> [The problem]: Using the entries that follow, state how many lines contain the word "WONDER". The response is that number and nothing more.

Records shown below:

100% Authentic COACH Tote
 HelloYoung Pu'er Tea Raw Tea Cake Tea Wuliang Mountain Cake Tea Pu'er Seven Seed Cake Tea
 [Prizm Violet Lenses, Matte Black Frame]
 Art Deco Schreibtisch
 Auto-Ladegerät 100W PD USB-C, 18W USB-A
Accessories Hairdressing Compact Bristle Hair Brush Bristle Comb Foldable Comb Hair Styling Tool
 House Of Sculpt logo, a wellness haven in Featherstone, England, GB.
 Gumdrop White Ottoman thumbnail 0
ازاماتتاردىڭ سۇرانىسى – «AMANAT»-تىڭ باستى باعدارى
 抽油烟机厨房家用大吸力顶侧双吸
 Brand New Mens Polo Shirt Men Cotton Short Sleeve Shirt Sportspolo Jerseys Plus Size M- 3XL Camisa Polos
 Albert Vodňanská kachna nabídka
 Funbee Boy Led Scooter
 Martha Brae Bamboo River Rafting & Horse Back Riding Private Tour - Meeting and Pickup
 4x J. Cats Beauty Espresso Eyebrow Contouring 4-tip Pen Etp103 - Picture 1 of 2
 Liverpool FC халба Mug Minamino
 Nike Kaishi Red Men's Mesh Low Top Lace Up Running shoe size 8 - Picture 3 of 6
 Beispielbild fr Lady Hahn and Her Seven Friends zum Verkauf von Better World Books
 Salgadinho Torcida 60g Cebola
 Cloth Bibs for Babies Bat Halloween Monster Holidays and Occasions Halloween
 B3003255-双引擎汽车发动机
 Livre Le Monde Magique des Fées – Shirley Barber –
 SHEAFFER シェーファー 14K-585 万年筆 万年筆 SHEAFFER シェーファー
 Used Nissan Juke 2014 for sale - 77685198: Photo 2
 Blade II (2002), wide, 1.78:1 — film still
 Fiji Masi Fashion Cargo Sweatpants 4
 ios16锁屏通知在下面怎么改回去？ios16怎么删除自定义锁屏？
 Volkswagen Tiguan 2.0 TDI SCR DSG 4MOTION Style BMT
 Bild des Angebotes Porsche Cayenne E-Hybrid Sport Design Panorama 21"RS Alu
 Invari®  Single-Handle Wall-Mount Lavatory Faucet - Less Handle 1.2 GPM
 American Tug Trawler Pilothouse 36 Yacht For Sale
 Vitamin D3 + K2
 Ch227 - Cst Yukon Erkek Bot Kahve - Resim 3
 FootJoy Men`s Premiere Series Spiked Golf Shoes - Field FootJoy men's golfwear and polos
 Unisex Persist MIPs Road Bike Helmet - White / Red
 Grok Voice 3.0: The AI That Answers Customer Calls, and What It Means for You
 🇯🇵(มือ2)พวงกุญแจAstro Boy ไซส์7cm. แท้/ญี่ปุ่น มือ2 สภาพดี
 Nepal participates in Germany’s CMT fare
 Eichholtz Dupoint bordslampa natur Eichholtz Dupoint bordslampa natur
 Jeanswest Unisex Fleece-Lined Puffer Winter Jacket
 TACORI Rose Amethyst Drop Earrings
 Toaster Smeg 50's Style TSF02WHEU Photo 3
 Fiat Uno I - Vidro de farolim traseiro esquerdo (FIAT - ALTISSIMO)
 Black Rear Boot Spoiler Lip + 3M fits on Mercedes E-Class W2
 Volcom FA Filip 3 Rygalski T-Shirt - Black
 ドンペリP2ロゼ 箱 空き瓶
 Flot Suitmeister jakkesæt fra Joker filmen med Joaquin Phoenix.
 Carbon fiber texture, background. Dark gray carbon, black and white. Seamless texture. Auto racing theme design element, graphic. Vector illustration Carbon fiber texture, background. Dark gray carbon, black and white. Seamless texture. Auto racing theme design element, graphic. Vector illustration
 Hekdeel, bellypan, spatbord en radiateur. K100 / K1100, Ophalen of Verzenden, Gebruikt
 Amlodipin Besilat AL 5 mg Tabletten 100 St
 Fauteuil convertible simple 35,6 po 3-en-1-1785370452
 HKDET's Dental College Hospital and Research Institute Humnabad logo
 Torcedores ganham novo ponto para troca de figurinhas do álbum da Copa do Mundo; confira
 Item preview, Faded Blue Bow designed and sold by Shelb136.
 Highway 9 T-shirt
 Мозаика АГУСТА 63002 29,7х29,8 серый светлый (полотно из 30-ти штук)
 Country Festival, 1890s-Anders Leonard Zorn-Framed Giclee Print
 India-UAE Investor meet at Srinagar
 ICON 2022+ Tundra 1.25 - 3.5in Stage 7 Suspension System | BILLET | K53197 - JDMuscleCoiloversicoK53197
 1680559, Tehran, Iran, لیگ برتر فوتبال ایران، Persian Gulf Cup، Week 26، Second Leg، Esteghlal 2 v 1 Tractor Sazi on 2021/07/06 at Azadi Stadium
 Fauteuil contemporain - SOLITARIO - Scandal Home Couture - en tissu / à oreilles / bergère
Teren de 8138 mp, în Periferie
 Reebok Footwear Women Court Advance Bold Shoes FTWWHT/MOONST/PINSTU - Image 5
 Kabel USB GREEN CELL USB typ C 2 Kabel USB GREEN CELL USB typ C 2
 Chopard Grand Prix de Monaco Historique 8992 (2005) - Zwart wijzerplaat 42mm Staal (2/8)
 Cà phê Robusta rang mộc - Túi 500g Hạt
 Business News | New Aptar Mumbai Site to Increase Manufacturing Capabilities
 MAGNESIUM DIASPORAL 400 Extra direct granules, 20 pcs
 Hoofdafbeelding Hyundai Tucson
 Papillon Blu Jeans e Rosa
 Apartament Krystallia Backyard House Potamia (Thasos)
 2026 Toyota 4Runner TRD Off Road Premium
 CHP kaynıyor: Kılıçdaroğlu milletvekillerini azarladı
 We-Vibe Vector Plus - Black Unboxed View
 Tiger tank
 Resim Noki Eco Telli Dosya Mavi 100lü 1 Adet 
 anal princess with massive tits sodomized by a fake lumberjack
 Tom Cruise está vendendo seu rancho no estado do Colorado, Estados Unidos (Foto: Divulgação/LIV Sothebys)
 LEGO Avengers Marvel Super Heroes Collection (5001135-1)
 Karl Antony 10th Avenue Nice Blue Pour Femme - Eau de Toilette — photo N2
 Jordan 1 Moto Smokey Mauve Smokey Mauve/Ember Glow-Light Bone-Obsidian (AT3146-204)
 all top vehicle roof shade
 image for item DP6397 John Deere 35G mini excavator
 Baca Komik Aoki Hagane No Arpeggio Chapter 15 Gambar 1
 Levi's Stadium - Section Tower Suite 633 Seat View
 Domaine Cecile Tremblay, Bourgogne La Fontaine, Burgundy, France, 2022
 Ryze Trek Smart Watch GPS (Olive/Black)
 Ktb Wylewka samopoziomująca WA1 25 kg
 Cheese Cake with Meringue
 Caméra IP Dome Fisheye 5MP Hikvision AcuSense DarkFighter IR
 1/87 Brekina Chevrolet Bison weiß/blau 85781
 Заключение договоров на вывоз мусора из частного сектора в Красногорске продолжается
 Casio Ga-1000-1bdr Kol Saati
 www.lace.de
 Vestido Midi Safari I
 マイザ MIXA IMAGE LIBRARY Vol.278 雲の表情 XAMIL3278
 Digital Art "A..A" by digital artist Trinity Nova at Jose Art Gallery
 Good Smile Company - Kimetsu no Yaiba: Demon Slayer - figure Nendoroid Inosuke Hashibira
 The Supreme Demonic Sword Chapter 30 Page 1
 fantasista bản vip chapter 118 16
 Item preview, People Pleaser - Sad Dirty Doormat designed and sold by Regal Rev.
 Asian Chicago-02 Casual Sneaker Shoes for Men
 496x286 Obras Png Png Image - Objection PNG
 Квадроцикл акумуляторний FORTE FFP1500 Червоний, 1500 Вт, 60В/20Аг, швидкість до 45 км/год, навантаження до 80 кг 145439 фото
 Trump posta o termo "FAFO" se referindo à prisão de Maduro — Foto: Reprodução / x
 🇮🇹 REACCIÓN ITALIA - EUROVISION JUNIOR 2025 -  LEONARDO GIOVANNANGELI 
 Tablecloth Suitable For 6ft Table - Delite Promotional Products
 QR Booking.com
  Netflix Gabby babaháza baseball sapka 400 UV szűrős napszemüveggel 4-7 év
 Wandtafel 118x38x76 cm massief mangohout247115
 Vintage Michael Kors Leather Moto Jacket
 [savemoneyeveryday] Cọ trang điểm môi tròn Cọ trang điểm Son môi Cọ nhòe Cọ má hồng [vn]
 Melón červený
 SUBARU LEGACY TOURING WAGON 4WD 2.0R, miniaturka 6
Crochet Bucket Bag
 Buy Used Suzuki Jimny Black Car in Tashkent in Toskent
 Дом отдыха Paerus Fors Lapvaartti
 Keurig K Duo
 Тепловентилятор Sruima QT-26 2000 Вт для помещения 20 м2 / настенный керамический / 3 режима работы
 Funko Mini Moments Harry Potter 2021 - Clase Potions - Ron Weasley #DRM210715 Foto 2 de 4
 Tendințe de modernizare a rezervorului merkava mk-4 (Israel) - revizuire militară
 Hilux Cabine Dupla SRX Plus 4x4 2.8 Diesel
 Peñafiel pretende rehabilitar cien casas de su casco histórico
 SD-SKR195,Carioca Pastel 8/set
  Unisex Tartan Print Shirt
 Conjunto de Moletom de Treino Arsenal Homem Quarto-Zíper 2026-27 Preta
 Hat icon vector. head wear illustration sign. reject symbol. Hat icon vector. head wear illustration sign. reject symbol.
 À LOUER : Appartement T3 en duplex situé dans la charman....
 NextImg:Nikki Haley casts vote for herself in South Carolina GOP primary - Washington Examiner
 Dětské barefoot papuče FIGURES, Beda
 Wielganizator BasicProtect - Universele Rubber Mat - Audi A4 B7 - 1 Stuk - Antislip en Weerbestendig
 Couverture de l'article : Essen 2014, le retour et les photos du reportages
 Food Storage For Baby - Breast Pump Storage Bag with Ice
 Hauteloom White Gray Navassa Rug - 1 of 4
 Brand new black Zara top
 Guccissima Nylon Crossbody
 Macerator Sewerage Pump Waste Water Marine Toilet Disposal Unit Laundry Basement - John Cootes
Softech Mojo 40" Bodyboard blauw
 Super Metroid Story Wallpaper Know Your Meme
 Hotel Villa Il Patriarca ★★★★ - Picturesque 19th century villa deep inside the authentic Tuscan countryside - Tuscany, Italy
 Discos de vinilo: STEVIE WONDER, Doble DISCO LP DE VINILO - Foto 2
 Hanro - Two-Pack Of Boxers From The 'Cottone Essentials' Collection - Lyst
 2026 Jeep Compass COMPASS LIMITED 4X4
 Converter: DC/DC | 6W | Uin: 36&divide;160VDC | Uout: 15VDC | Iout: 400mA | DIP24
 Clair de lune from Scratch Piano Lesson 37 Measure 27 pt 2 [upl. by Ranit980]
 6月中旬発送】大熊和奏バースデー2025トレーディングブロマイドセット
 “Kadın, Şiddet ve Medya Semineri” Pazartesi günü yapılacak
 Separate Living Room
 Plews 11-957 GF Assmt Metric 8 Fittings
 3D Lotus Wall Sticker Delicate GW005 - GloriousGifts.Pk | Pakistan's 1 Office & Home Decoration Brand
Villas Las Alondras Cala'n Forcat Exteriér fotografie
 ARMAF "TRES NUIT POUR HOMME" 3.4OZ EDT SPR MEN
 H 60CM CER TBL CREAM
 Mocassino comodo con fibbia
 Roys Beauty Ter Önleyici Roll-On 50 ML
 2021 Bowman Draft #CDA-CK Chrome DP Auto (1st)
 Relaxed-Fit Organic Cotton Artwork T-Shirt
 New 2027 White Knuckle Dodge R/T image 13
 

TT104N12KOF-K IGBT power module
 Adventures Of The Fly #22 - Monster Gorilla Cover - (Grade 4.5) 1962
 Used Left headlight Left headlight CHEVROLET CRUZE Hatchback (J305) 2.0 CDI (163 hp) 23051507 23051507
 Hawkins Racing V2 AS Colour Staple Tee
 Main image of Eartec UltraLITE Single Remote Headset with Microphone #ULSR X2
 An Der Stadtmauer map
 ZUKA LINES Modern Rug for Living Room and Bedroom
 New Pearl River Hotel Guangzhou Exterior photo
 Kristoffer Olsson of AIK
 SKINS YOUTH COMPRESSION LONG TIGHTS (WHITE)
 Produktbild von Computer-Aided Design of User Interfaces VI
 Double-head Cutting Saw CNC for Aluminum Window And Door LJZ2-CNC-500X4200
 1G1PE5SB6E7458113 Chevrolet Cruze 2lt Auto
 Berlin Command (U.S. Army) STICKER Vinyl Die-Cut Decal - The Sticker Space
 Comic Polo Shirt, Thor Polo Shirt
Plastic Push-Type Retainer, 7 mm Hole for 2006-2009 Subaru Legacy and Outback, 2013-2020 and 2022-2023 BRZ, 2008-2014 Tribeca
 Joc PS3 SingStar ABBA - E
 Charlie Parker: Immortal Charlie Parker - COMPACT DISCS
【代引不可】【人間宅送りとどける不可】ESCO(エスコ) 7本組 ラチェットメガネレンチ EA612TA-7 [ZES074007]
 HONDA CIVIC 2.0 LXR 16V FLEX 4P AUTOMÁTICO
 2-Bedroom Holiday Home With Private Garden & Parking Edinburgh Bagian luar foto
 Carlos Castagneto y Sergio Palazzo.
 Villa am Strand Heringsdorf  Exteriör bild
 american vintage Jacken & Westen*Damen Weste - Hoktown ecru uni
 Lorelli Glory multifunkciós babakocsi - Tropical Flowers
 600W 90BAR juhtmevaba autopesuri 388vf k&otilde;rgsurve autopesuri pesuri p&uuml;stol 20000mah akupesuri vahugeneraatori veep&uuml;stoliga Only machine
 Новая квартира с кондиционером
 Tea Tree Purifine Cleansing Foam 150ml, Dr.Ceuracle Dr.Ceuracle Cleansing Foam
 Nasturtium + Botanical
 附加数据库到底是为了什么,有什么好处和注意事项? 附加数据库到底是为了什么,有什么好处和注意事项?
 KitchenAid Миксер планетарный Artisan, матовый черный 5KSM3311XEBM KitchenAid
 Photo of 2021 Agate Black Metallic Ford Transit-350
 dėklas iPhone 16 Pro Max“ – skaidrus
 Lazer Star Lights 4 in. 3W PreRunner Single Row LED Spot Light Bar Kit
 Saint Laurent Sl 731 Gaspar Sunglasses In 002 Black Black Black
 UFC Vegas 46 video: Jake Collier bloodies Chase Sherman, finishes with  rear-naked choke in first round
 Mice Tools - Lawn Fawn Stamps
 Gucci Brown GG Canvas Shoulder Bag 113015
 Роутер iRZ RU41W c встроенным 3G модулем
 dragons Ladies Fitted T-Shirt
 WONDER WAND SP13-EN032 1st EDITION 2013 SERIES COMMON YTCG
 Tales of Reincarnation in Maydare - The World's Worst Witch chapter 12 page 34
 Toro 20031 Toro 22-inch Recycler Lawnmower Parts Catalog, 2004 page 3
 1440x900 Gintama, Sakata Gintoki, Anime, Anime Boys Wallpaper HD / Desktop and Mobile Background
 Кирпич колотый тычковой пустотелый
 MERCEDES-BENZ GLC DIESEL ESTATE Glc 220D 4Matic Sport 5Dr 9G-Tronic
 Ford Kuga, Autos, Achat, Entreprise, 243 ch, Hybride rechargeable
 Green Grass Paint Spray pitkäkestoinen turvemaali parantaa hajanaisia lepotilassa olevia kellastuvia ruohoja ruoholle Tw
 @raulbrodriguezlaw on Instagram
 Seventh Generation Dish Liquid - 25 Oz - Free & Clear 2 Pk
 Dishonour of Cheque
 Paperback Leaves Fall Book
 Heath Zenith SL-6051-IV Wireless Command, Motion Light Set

End of Records shown.

> [Exercise output]: 2